Black Trombone by Serge Gainsbourg is such a powerful and absorbing piece that at some stage I somehow started to see it simply. So, I tried both to follow the Gainsbourg story, and at the same time, to create my own. On the canvas, it is not the whole story though, but the essence of it. Looking at the woman's figure there, it is not quite clear whether she has left definitely, or still would like to stay. At the same time, the man does realise that she is leaving, and he certainly does not wish it to happen; he is in anguish, but some part of him is getting distanced from her already, he has transported himself into his trombone, to be there alone. As for her, she realises that it is time for her to go, but deep inside she just doesn't fully understand why. The drama here lies in the fact that both of them still feel for each other, but in parallel, not in harmony, any more; the bond is about to break. C'est Fini…

There is more behind the Black Trombone painting than one song of Serge Gainsbourg, of course. I just love this person dearly. And also feel it a pity somehow that I had not enough time to bring to The Life of Two of Us works devoted to Leonard Cohen, inspired by him. Those two men are quite different as personalities, but the quality of their extraordinary talent, and the impact that it has had, is similarly significant to me. 

To say a little more about how I see some other works from the collection, Longing is another dear work for me; somehow I do feel particularly sorry for lonely women, and this story is all about that. Black Diamond is a special work, conceptually and technically, and it was prompted by those special Italian nights, unparalleled in their beauty - and their rich complexity. Cappuccino for Two is a story about hopeless love; but personally, I still want to give it some hope, too. Crystal of Love is speaking of the degree of love that unleashes an all-consuming mutual connection. Blue Night's Ballad is a story of the forgotten memories of two people.
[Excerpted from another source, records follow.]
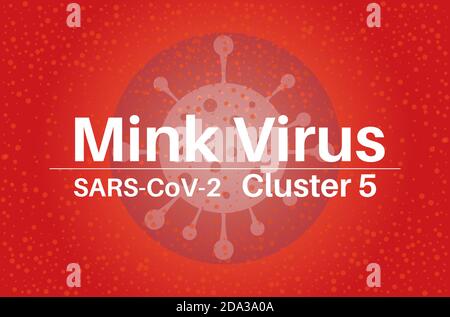Mink coronavirus SARS-COV-2 Cluster 5 vector illustration on a red background with a virus logo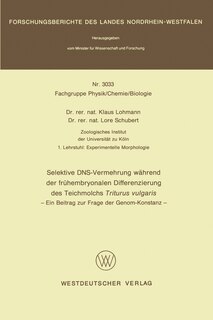 Selektive DNS- Vermehrung während der frühembryonalen Differenzierung des Teichmolchs Triturus vulgaris: Ein Beitrag zur Frage der Genom-Konstanz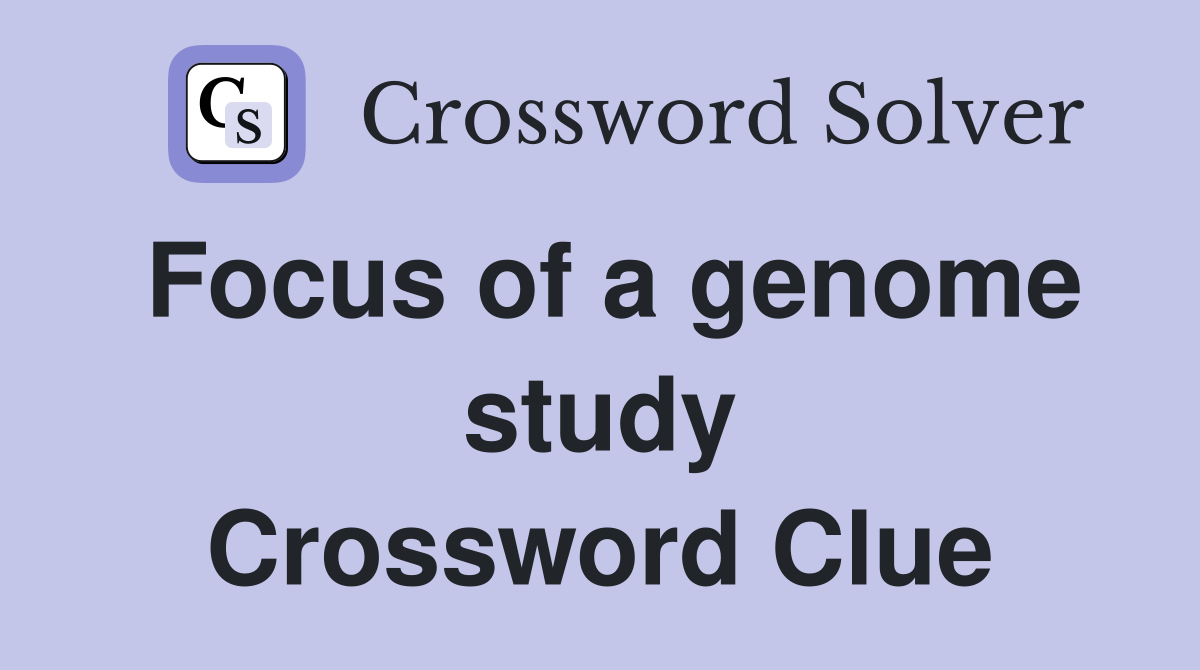 Focus of a genome study Crossword Clue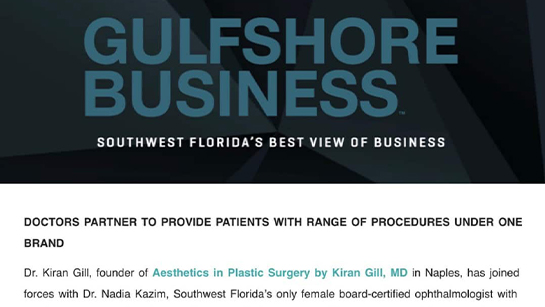 Dr. Gill joins forces to provide patients with a range of procedures. Gulfshore Business.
This might be not that conventional a concept but I can imagine that it is not only we, but our memories too, that can depart each from the other, sadly. Tuscan Wind is drawn from my understanding of Tuscany, one of my very favourite places. Tuscany for me evokes a quite essential tenderness. Arno Blues is the most characteristic Florentine work in the collection for me. The Florentine evenings, the Florentine nights are a phenomenon in their own right. This painting projects my understanding and perception of Florence - its supreme tenderness, its elegant passion, and that special Florentine charm, indescribable in words. 

Arno Blues.

When completing the collection of those 22 novelettes, I was thinking that my aim in the work of that collection is to stimulate people looking at the paintings to get their own stories out of the canvases. One's own story is a personal thing, and in my understanding, it must always be treated this way. But if in looking at my canvases from The Life of Two of Us my audience does start to pick up something from there, to understand a story of their own, maybe, something important for them, then this collection of novelettes will have served its purpose, I think.